— Вы получили мое письмо? — спросилъ Сидоровъ.
Анастасія Тимофеевна улыбнулась п сказала:
— Конечно, получила. Спасибо. А Зотикъ передалъ вамъ мой поклонъ?
Зина принесла тарелки и мясо съ лукомъ.
— Къ чорту Бергсона!—подумалъ Василій Тимофеевичъ,—я проголодался.
Онъ похлопалъ по плечу поэта и указалъ ему мѣсто, подлѣ стола.

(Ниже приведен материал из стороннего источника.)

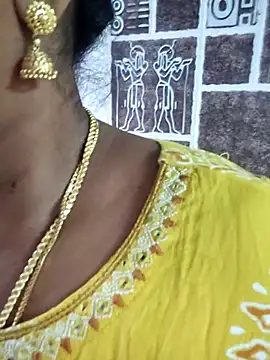 Snapshot of navyasree143 chatting on October 27, 2025, 4:38 am navyasree143 online show from October 27, 2025, 4:38 am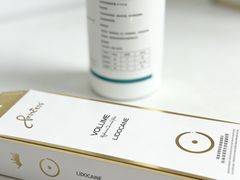 -万达广场(南京江宁店)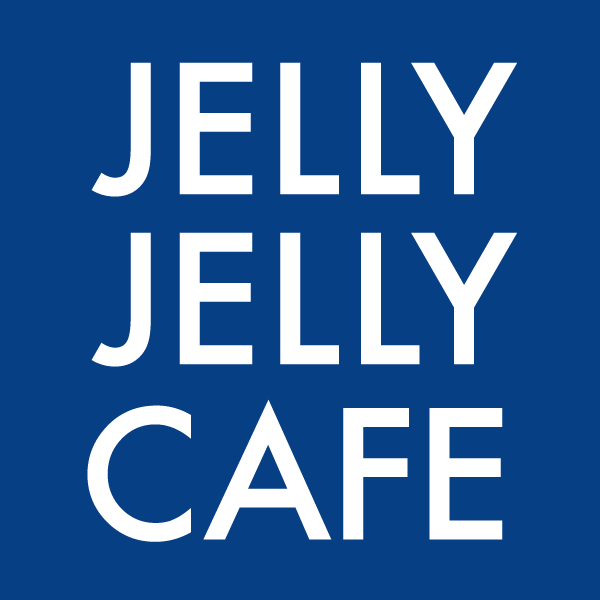 JELLY JELLY CAFE 横浜店（ジェリージェリーカフェ ヨコハマテン）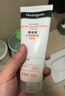 露得清水杨酸洗面奶控油净痘洁面乳100g男女深层清洁毛孔男女士护肤品 实拍图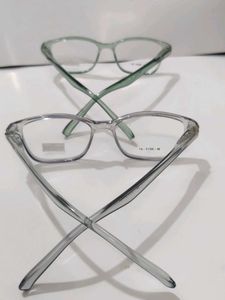 Buy 1 get 1n Stylish Eyeglasses Frames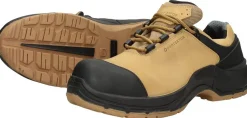 Protektor Construct Beige Fashion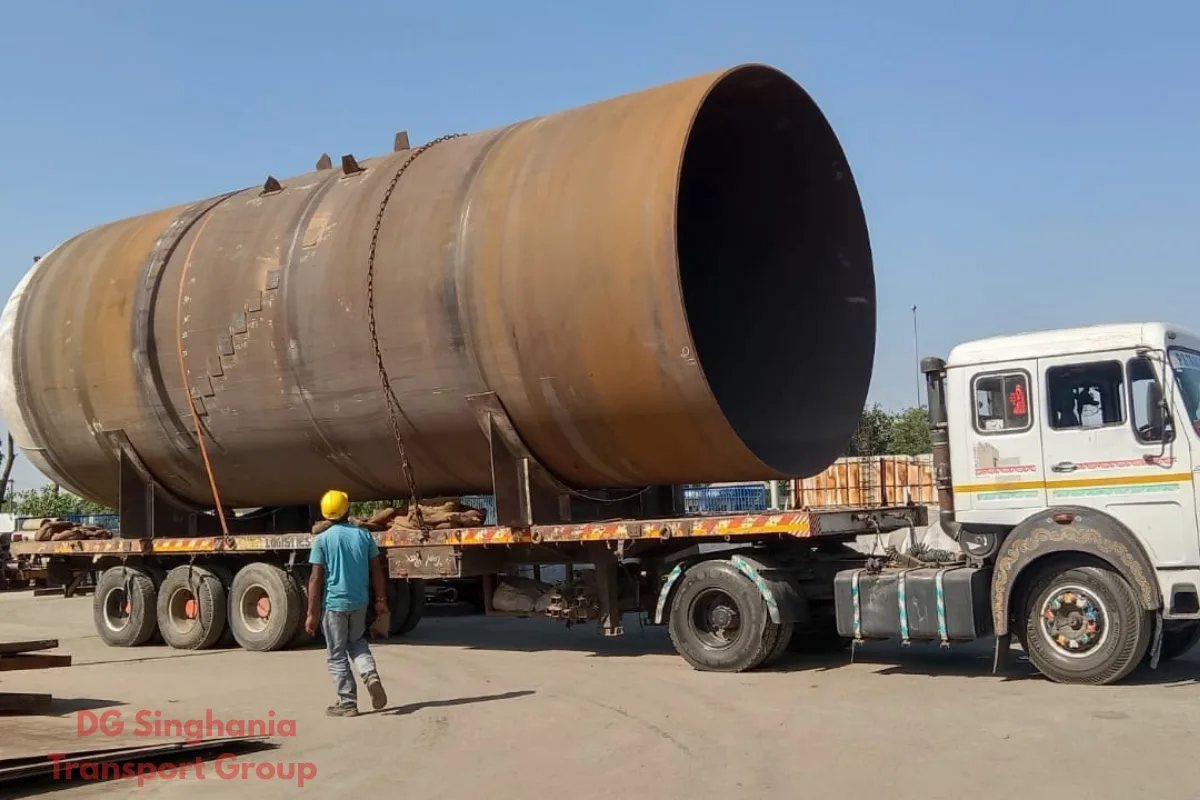 odc-trailer-placement-services-in-india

У Анастасіи Тимофеевны были потуплены глаза.
3.
Наступилъ вечеръ. На скатерти валялись корочки хлѣба, а на голубомъ блюдцѣ желтѣли кусочки лимона. Шипѣлъ самоваръ. Зина искоса смотрѣла на поэта. Ея лицо было серьезно. Ей не нравились брюки Сидорова. Она ежедневно ждала, что онъ придетъ въ новыхъ брюкахъ. И поэтъ обманывалъ всѣ ея ожиданія. Если бы у нея была зеленая краска, она выкрасила бы брюки Сидорова. Непремѣнно .
Поэтъ подошелъ къ окну и сейчасъ же сказалъ:
— Вечеръ. Мой любимый вечеръ. Вотъ телѣга и лошади. И такъ всегда, прошу запомнить: всегда, всегда! Я не боюсь враговъ. Враги—недоразумѣніе. А истина, любовь и жизнь— правда.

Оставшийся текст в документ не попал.